First, I have to back up a little bit. My brother and I were running a little late. Well, we were running a lot late. Well, I was running a lot late and keeping my brother waiting. I suggested he head on over to the bus stop so that he wouldn't have to travel at the supersonic speeds I was going to have to achieve to make the scheduled connection. A couple more delays and a found set of lost keys later, I bolted out the door, my sonic boom rattling nearby windows. By this time, I had already made several crucial mistakes:
1)I had forgotten the name of the street at the bus stop we had agreed to head to.
2)I had forgotten the exact time the pertinent vehicle was scheduled to stop there.
3)I had forgotten to suggest a route for him to take so that I could find him along the way.
Of course, these things, having been forgotten, were the furthest from my mind as I raced to reach Main Street, somewhere along which a number 47 bus would stop (that much I knew), in the process inventing a new illegal act, the crime of jay-sprinting. I arrived on Main Street and headed north, the direction I knew the 47 would take. It was nowhere in sight, and I had no idea whether I had missed it or beaten it. I had, after all, left almost ten minutes later than my brother. Then I spotted it, down a side street! It was just about to turn on to main, and ahead lay a vacant bus stop.

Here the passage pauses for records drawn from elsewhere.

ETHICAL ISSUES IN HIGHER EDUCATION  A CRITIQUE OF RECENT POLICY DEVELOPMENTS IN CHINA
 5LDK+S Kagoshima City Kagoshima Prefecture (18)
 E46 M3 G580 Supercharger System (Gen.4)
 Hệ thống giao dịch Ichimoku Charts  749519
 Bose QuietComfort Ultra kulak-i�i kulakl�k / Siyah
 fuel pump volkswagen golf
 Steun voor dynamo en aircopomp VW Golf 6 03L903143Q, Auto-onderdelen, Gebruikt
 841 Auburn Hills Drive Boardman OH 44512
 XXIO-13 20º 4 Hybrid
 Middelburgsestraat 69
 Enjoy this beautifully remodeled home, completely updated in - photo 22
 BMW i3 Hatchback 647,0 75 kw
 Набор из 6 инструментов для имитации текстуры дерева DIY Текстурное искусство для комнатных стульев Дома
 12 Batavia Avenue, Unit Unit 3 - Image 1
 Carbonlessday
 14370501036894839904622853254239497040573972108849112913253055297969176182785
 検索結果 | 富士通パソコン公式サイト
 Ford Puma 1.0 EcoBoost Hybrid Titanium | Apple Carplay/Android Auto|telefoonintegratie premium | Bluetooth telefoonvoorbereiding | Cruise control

"Perfect!", I thought. My method of running directly over to Main and then north had apparently enabled me to intersect it prematurely. I sprinted to the bus stop as fast as I could. When I reached it, the bus was still waiting for its turn to turn. Then I glanced at my watch, and paused. My lightning-fast sprint had apparently taken me a little longer than expected.
As I stepped onto the bus, I made a feeble attempt to delay it, just in case, by inquiring about the cost and destination of its service. In reality, I suspected my brother would be waiting further up Main at our appointed stop, whatever it had been, so I established myself near the front of the bus and began to carefully scan the sidewalk and bus stops as we passed.
A few blocks further up Main I was growing concerned. There was still no sign of my brother, and then the bus turned off onto a side street and began making its way east. At this point I was faced with a conundrum. It was possible that my brother had simply not made it to whatever bus stop it was we were supposed to meet at. It was also possible that he had arrived in time and caught the appointed bus while I had arrived late enough to catch a later bus of the same number. After all, he had left the house long before me, and I was not entirely sure when it was that the bus was supposed to arrive. It was possible that for any of several reasons he had returned to our apartment but had forgotten to bring his key with him and was locked out. There was also the minute possibility that intervening circumstances had prevented my brother from getting to Main Street at all, such as his getting hit by a vehicle or being hit by a stray improperly tightened bolt from a poorly assembled passenger aircraft jostled far above by some unusually heavy turbulence. Deciding my priority was to make sure I didn't leave my brother behind, I got off my bus at the next station and headed back down Main Street to look for him.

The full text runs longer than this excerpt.